Online media company CNet announced that it expects to restate its financial statements to correct errors related to accounting for stock-based compensation from at least 2003.
The announcement arrives amid the technology publisher’s internal review by independent directors of its past stock option grants and their timing. Additionally, on May 24, CNet announced that the Securities and Exchange Commission had initiated an informal inquiry into the company’s options grants. The SEC and other regulators are currently probing dozens of companies on possible illegal options-granting practices.
The focus on “backdating” stock options concerns companies selecting a stock option grant date from the past, when a share price was lower than the date when the employee received the option. Notably, not all backdating practices violate securities laws; for example, backdated options that are properly accounted for and disclosed are legitimate.

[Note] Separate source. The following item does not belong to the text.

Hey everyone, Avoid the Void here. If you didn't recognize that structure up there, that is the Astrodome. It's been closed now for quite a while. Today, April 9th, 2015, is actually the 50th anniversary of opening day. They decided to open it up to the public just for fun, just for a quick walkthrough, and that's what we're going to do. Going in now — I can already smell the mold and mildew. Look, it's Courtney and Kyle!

To date, the committee and CNet have arrived at the preliminary conclusion that the actual measurement dates for certain stock options granted between 1998 and 2001 differ from the recorded measurement dates. However, CNet’s special committee has not completed its review of the company’s option-granting practices or reached final conclusions.

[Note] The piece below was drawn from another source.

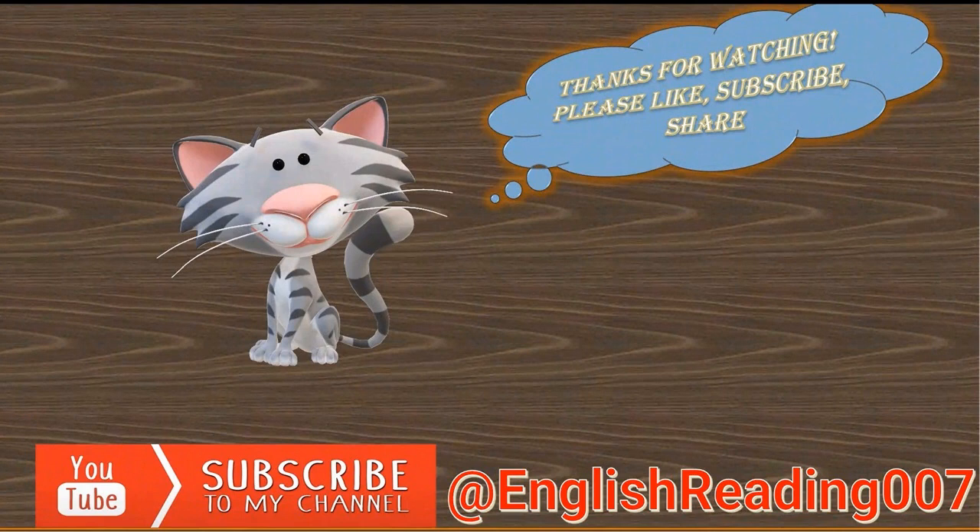Thanks for watching. Please like and share this video. Also hit the subscribe button, ring the notification bell, and let's embark on a journey of knowledge together.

As a result, the San Francisco-based company expects to record non-cash charges for stock-based compensation expense in certain reported periods starting with the year ended December 31, 1998. Because the charges continue for the option vesting periods, they will affect subsequent periods and decreasing net income or increasing net loss.

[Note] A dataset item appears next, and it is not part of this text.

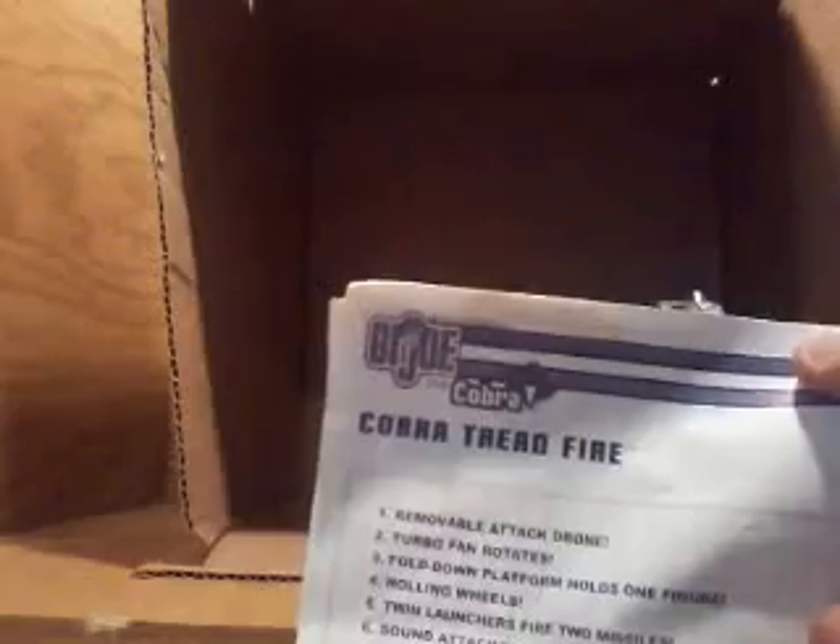We also got the Cobra Tread Fire, and I think it's supposed to be like a swamp vehicle — not 100% sure, but that's what I assume because it's got the back spinning fan which actually spins. We'll do a review on this later. It came with the Cobra Coil figure — there's his file card. This is also from GI Joe versus Cobra.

CNet said the charges are material and that it expects to restate its financial statements from 2003 and the company’s balance sheet as of March 31, 2006. Depending upon the special committee’s continuing review, CNet may also restate its financial statements for earlier years and its operating results for the first quarter of 2006.
On July 24, 2006, CNet plans to announce its second quarter revenue results and cash position as of June 30, 2006, along with third quarter and calendar year 2006 revenue guidance. However, the company said it won’t be able to announce additional financial results for the second quarter until its committee has completed its review of stock-based compensation, and will delay its second quarter 10-Q filing.
In a related story, Take-Two Interactive Software, the owner of the “Grand Theft Auto” video game series, has announced that the Securities and Exchange Commission has begun an informal investigation into its stock options policies since 1997 and now. As CNet did, the New York-based Take-Two launched an internal review of its options compensation practices before it was informed of the SEC’s investigation.